> [Task requirements]:
Exact copies of the lines below, from the one with "Next time I" up to and including the one with "Hey guys, what", are what this calls for; leave out pictures.
(Extracted records)
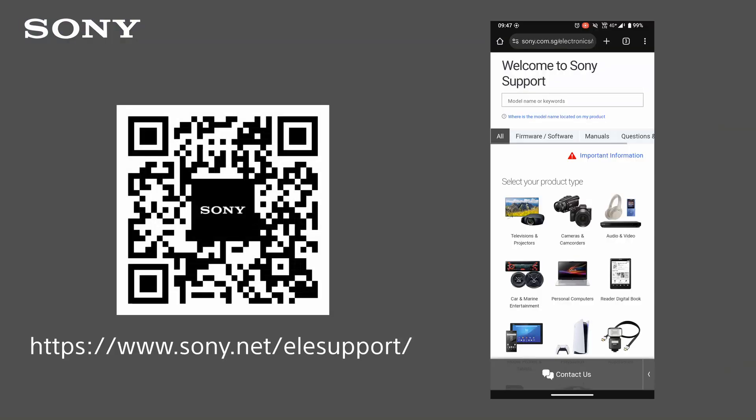You can visit our support website for more information or contact us for further assistance. Thank you for watching.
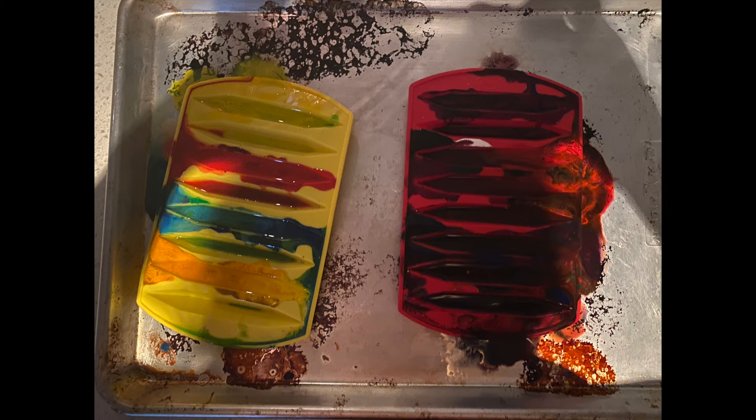Next time I do this, I will wrap my cookie tin in aluminum foil for an easy clean up, because this took a little too long for me to clean afterwards. Once you take this out of the oven, let them cool for 30 minutes to 1 hour so that they are solid and don't break when you de-mold.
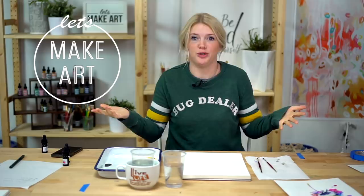Hi everybody, it's Sarah Cray with Let's Make Art and we like to paint every week. We do a brand new project, we break it down into steps, and that way wherever you are on your watercolor journey, you can follow along. So if you're a beginner, you can do this. If you're intermediate, you can do this. If you're advanced, you can totally do this.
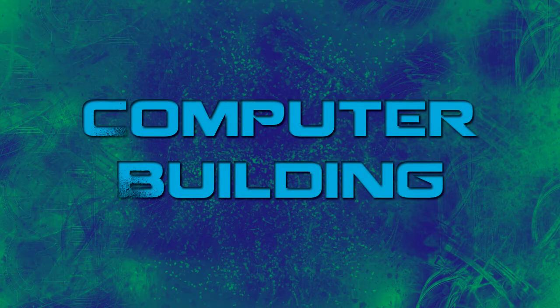Hey guys, what is going on? I'm Collin with Tell You How, bringing you our first computer building video. This is going to be based off of a gaming slash editing setup. I am actually legitimately building this computer and I only have some of the components right now, but I figured I would go ahead and teach you guys how to build it and what I'm going to put into it, so you can know for reference if you would like to build a computer. Without further ado, let's go ahead and get right in.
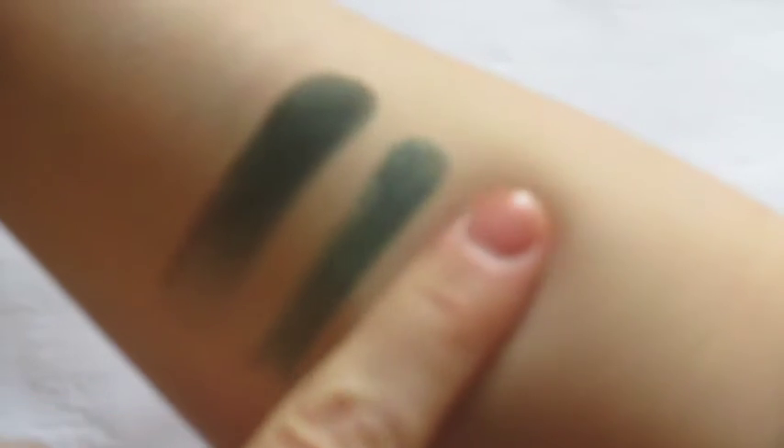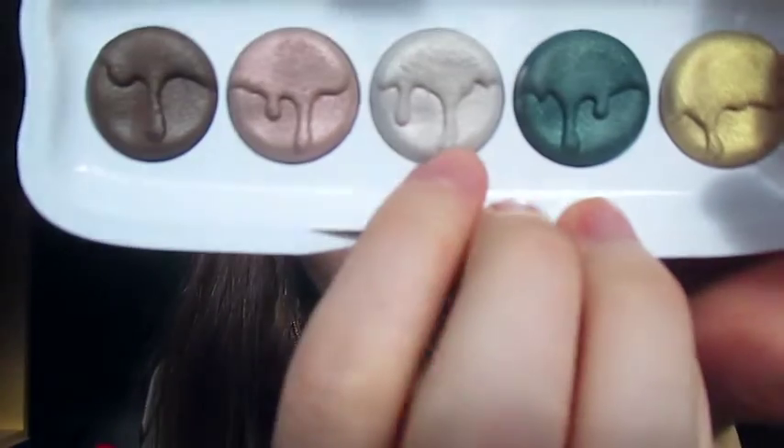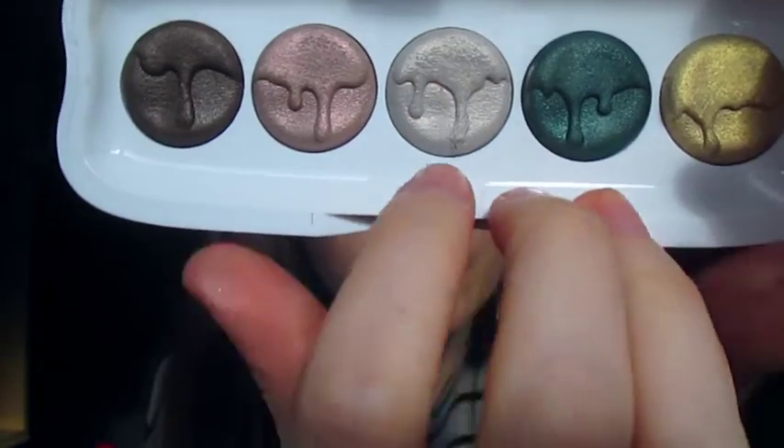Then we have the golden one. It looks good with the finger but not so much with the brush. I'll insert a little clip showing all the fallout from the palette — I think it's because the shadows have little drops on them, and if you touch it, it just falls off.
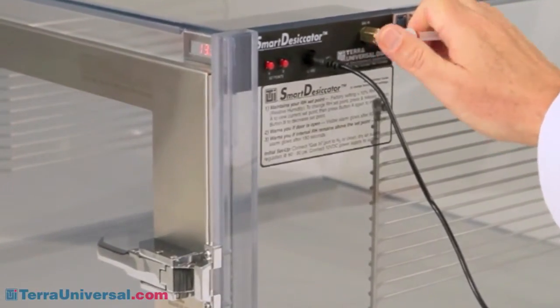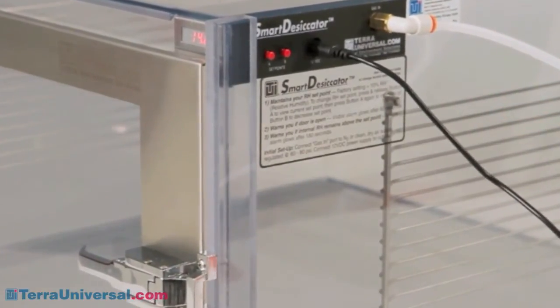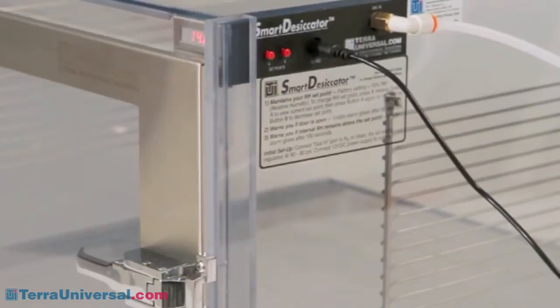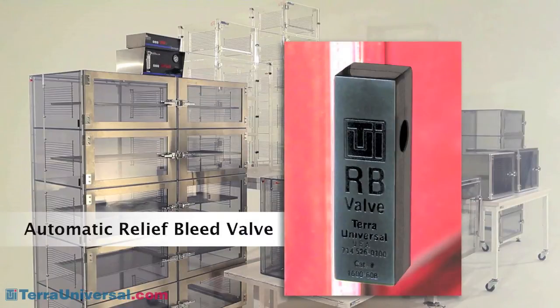Smart desiccators are available in one and two chamber configurations in acrylic, static dissipative PVC, and stainless steel. For the most critical RH control requirements, Terra offers a NitroPlex system which provides independent chamber-by-chamber humidity control. Gas exits the cabinet through Terra's unique automatic RB valve — by installing one in each chamber, you ensure that moisture that enters when a door opens exits the same chamber without migrating throughout the cabinet.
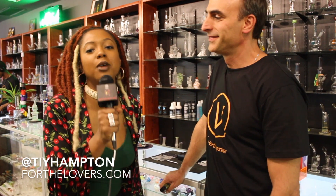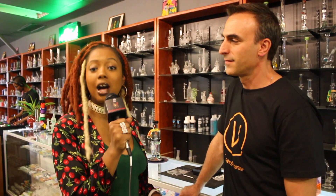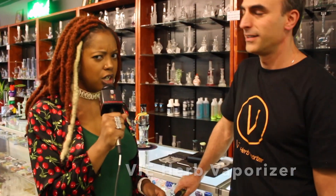What's up lovers? It's 420. Happy 420 everyone. We are in Positive Vibes Only out here in Denver, Colorado. And here we have the Vi Herb Vaporizer.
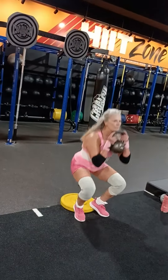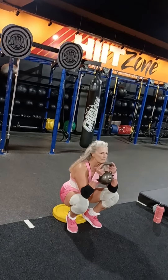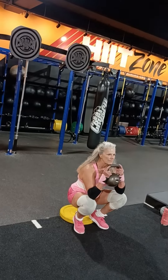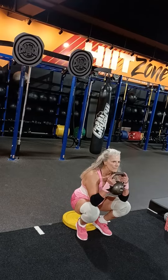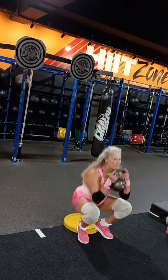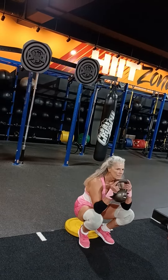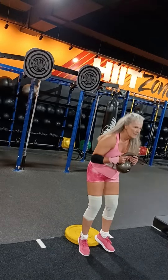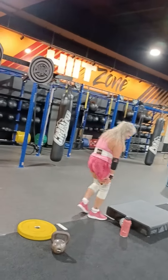Doing some goblet squats here. You can see she's got the plate under her heels. Puts a little more on the quads. These are barn burners here, man. Gets hard to breathe after a while, not to mention the burn you get in your quads.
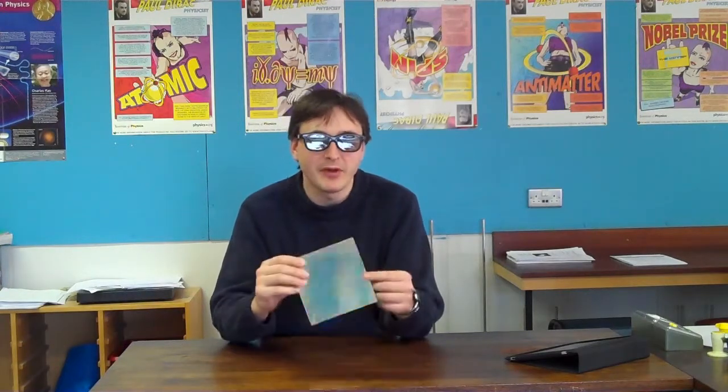What you need is a pair of 3D glasses which you should be wearing, and then a mirror such as this one here. Take the mirror and look at your own reflection in it, and then try closing one of your eyes — first one and then the other. Think very carefully about what you see.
(End Extracted records)
> [Response to the task]:
Next time I do this, I will wrap my cookie tin in aluminum foil for an easy clean up, because this took a little too long for me to clean afterwards. Once you take this out of the oven, let them cool for 30 minutes to 1 hour so that they are solid and don't break when you de-mold.
Hi everybody, it's Sarah Cray with Let's Make Art and we like to paint every week. We do a brand new project, we break it down into steps, and that way wherever you are on your watercolor journey, you can follow along. So if you're a beginner, you can do this. If you're intermediate, you can do this. If you're advanced, you can totally do this.
Hey guys, what is going on? I'm Collin with Tell You How, bringing you our first computer building video. This is going to be based off of a gaming slash editing setup. I am actually legitimately building this computer and I only have some of the components right now, but I figured I would go ahead and teach you guys how to build it and what I'm going to put into it, so you can know for reference if you would like to build a computer. Without further ado, let's go ahead and get right in.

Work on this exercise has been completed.